Exercise brief
From the line with "Toyota Highlander 2018" to the line with "2026 Volkswagen Tiguan", output every line below exactly, both ends included. Skip the pictures.

The data
------------------------------
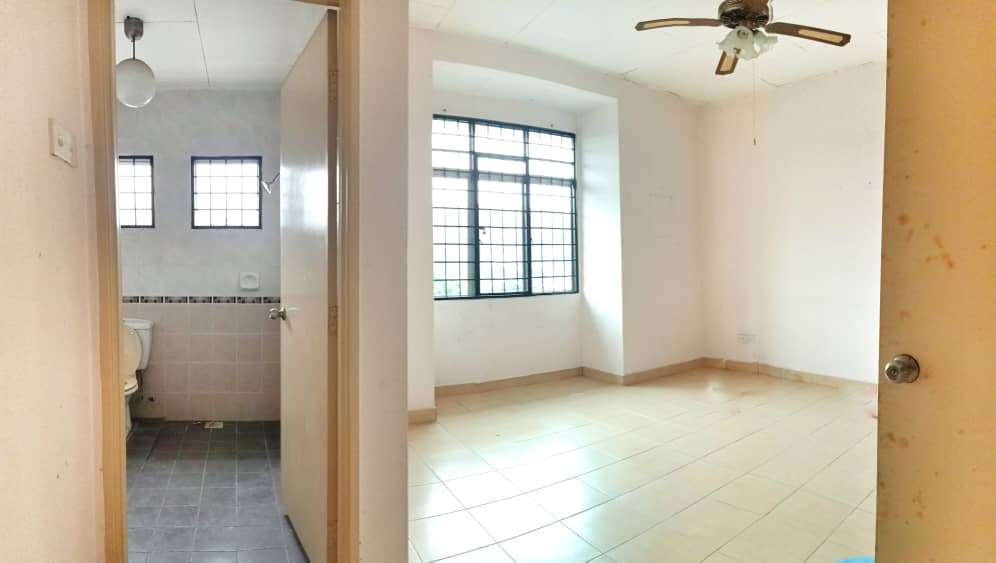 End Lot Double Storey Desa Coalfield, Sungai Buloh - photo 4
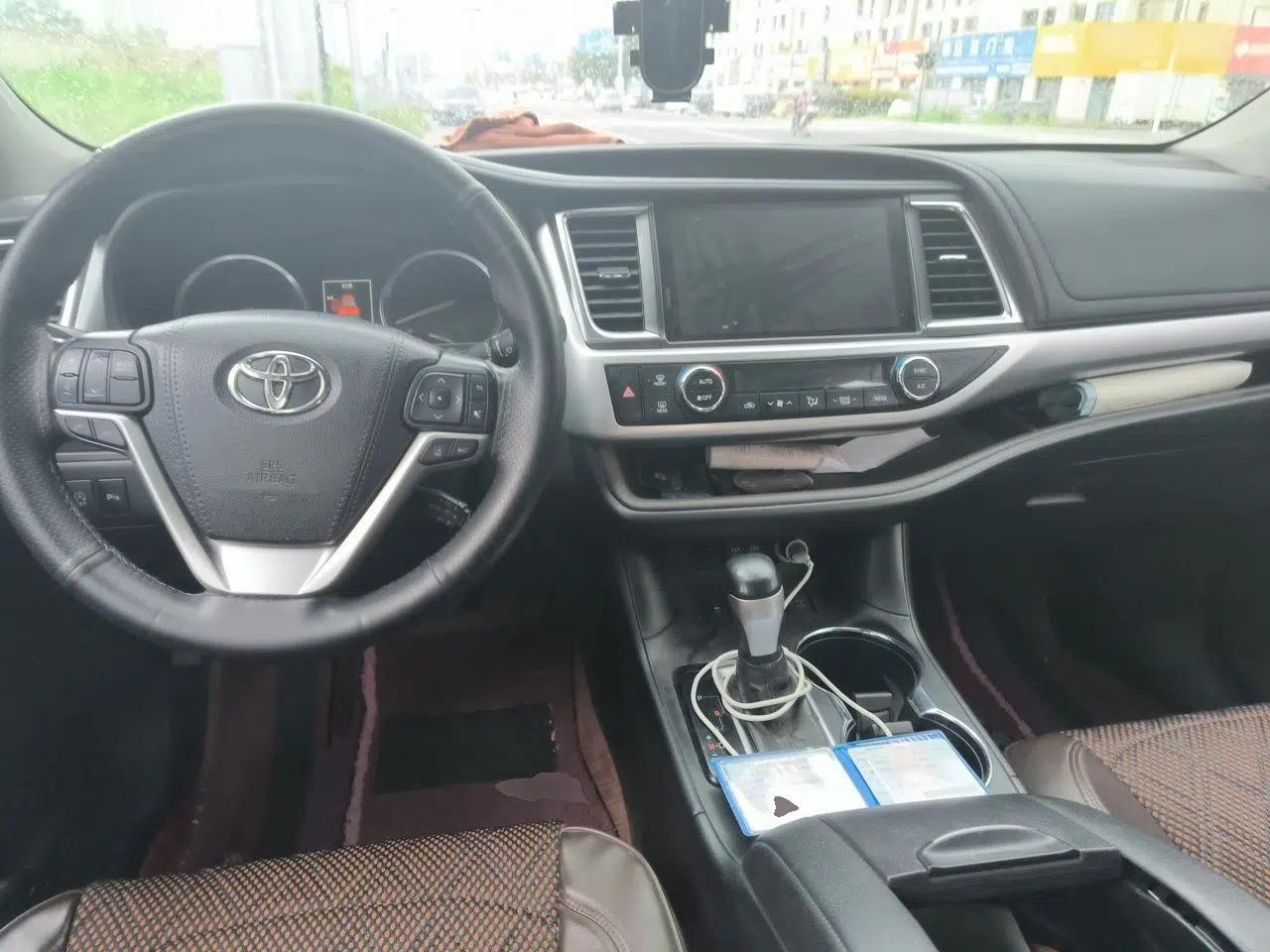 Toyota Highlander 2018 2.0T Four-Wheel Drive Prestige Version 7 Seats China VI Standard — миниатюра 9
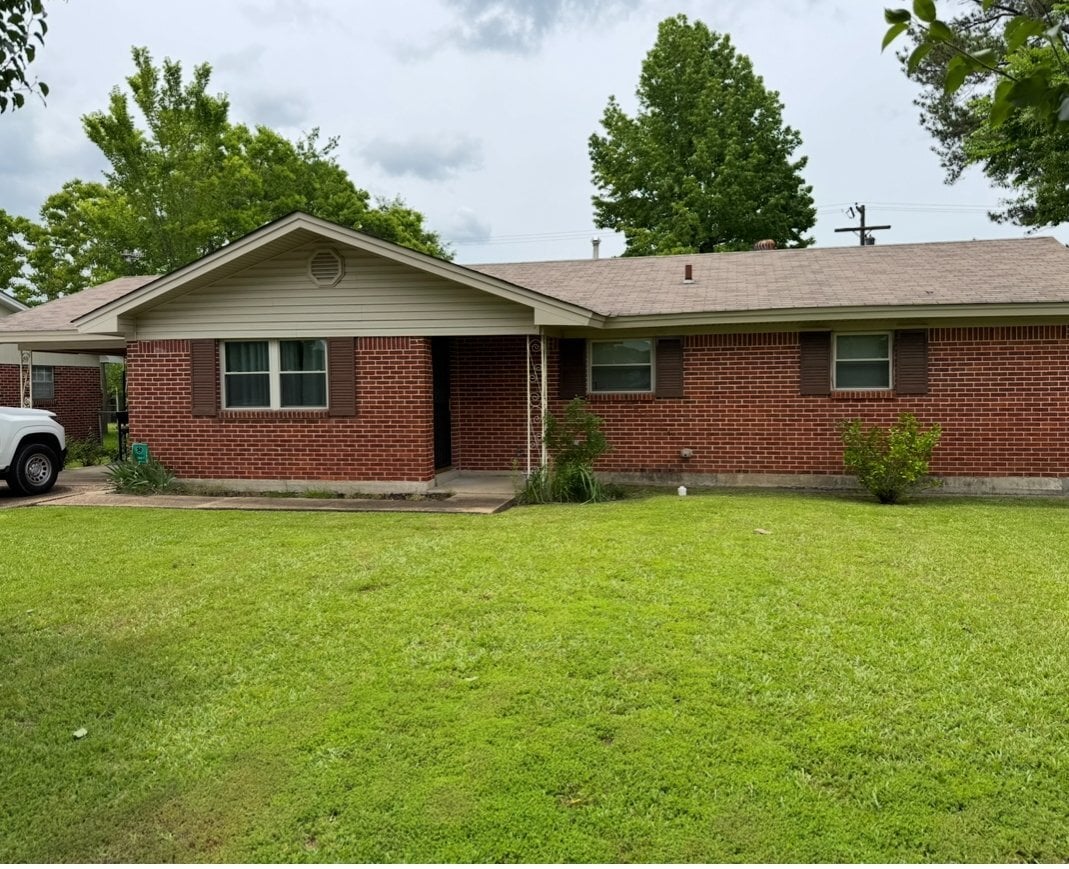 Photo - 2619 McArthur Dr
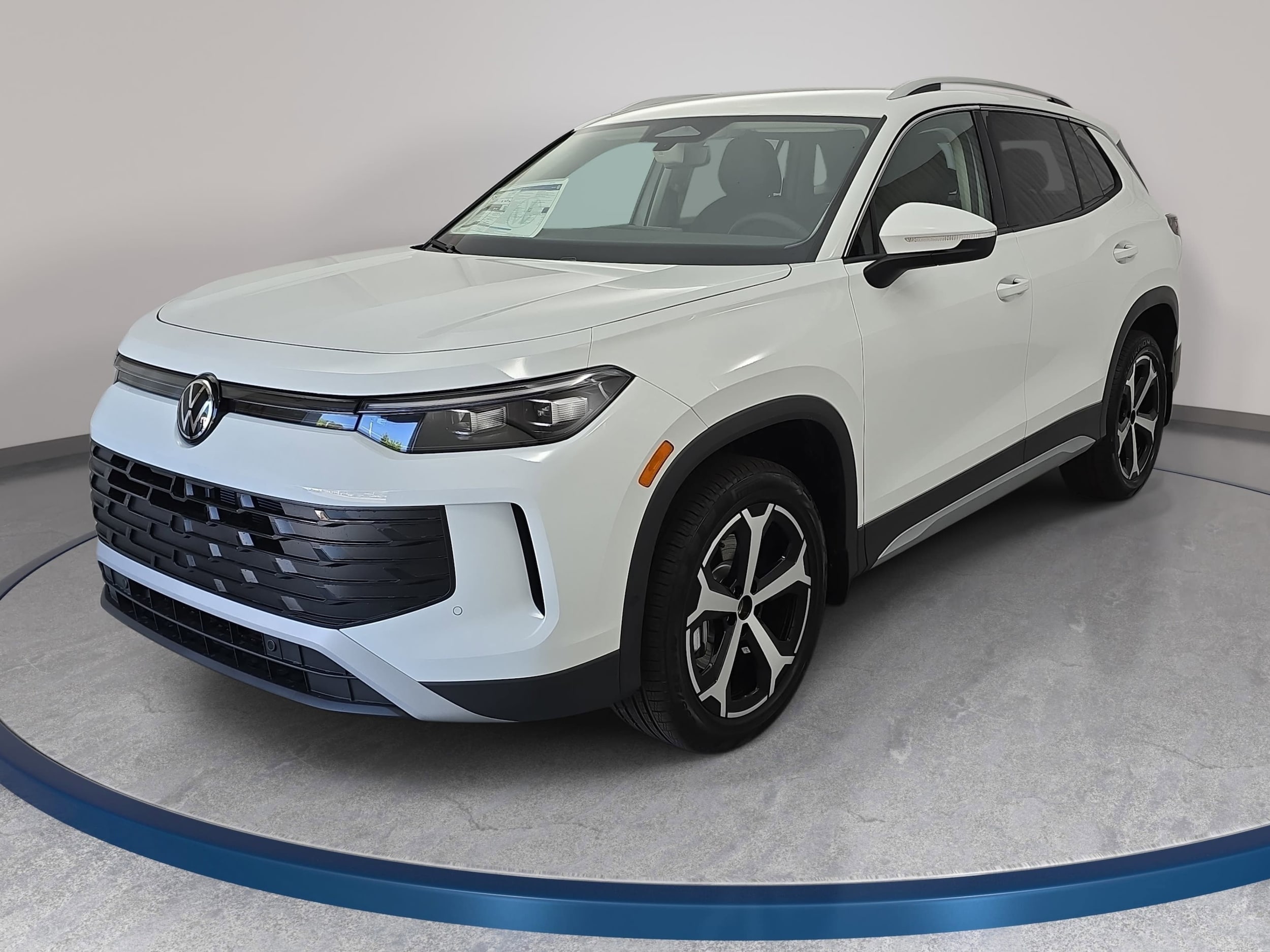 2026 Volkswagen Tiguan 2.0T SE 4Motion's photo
------------------------------
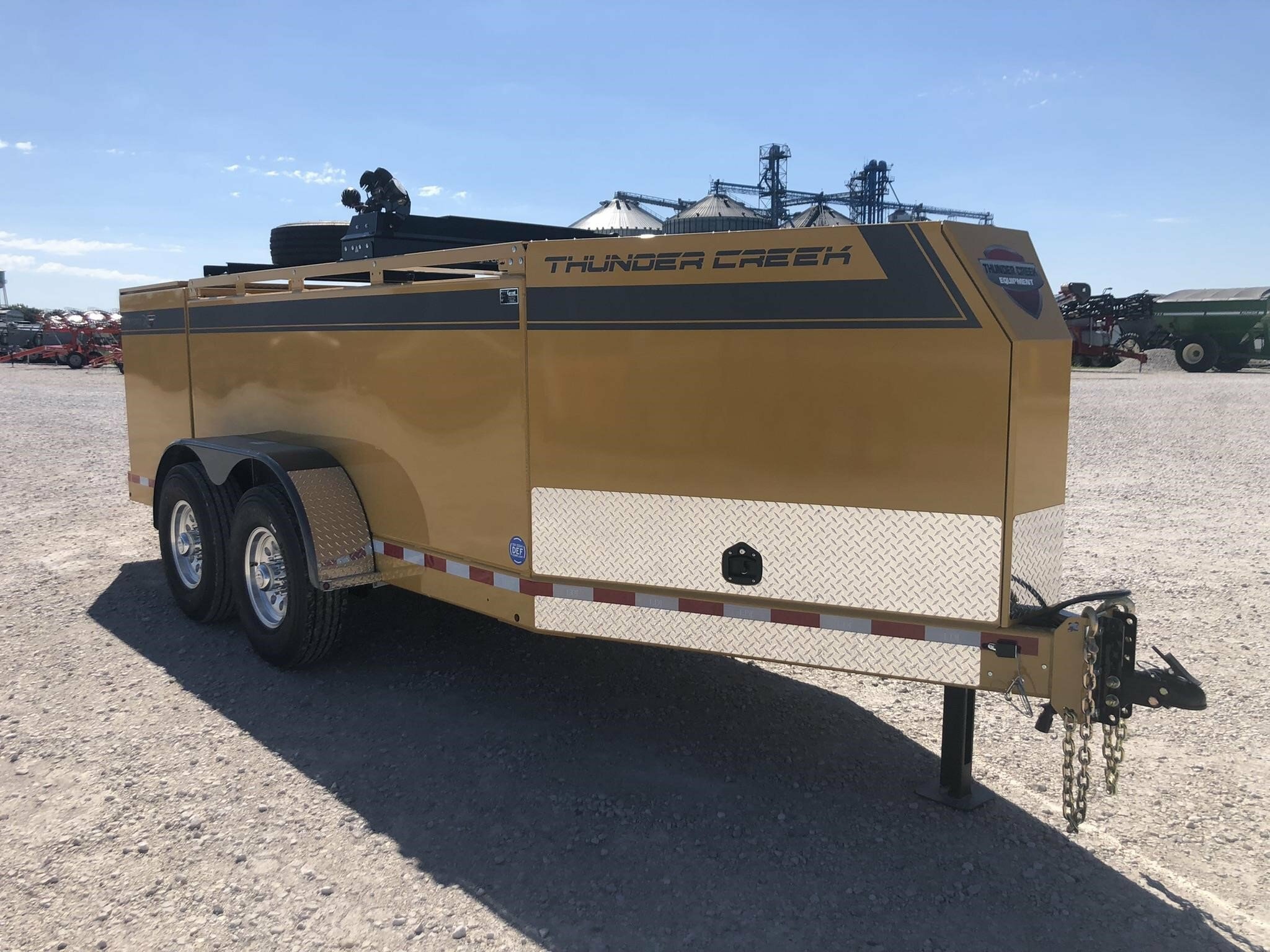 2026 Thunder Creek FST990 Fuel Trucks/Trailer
------------------------------
Response below
 Toyota Highlander 2018 2.0T Four-Wheel Drive Prestige Version 7 Seats China VI Standard — миниатюра 9
 Photo - 2619 McArthur Dr
 2026 Volkswagen Tiguan 2.0T SE 4Motion's photo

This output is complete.